Suara.com - Tumpahan minyak solar di wilayah utara Arktika Rusia telah mencemari Danau Pyasino dan berisiko menyebar ke Samudera Arktika, kata seorang pejabat senior Rusia.
Tim gawat darurat mencoba untuk membendung tumpahan minyak, yang diketahui telah menyebar sejauh 12 kilometer di utara Norilsk dari tangki yang tenggelam.
Ini merupakan insiden terburuk di era modern di kawasan Arktika Rusia, kata pegiat lingkungan dan pejabat.
Insiden tumpahan minyak ini berawal pada 29 Mei.
Sebanyak 21.000 ton minyak ini mencemari sungai Ambarnaya dan lapisan tanah di sekitarnya.

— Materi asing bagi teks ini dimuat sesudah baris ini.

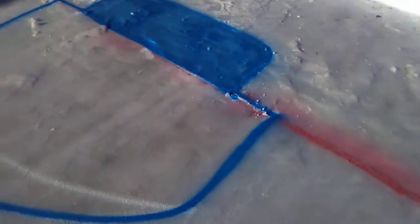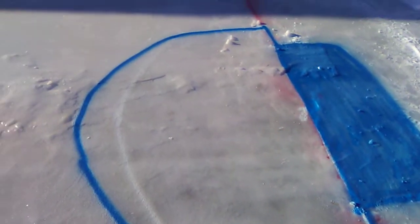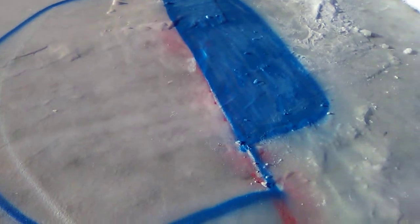We gotta run the hose out, but I think it's too sunny and warm right now. I don't think it'll freeze on contact. I gotta get it maybe two, three good layers of water over the top so it doesn't rub off.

Sebelumnya, para penyelidik meyakini tenggelamnya tangki minyak di dekat Norilsk disebabkan mencairnya lapisan es, yang membuat perangkat pendukung tangki melemah.
Kawasan Arktika mengalami peningkatan suhu udara yang tak biasa, kemungkinan sebagai gejala dari pemanasan global.
Pembangkit listrik, tempat tangki minyak tenggelam dioperasikan oleh anak perusahaan Norilsk Nickel, produsen nikel dan logam mulia jenis paladium terkemuka dunia.
Danau Pyasino merupakan cekungan dari Sungai Pyasina, yang selanjutnya mengalir ke Laut Kara, bagian Samudera Arktika. Pada periode Oktober - Juni, sungai ini biasanya membeku.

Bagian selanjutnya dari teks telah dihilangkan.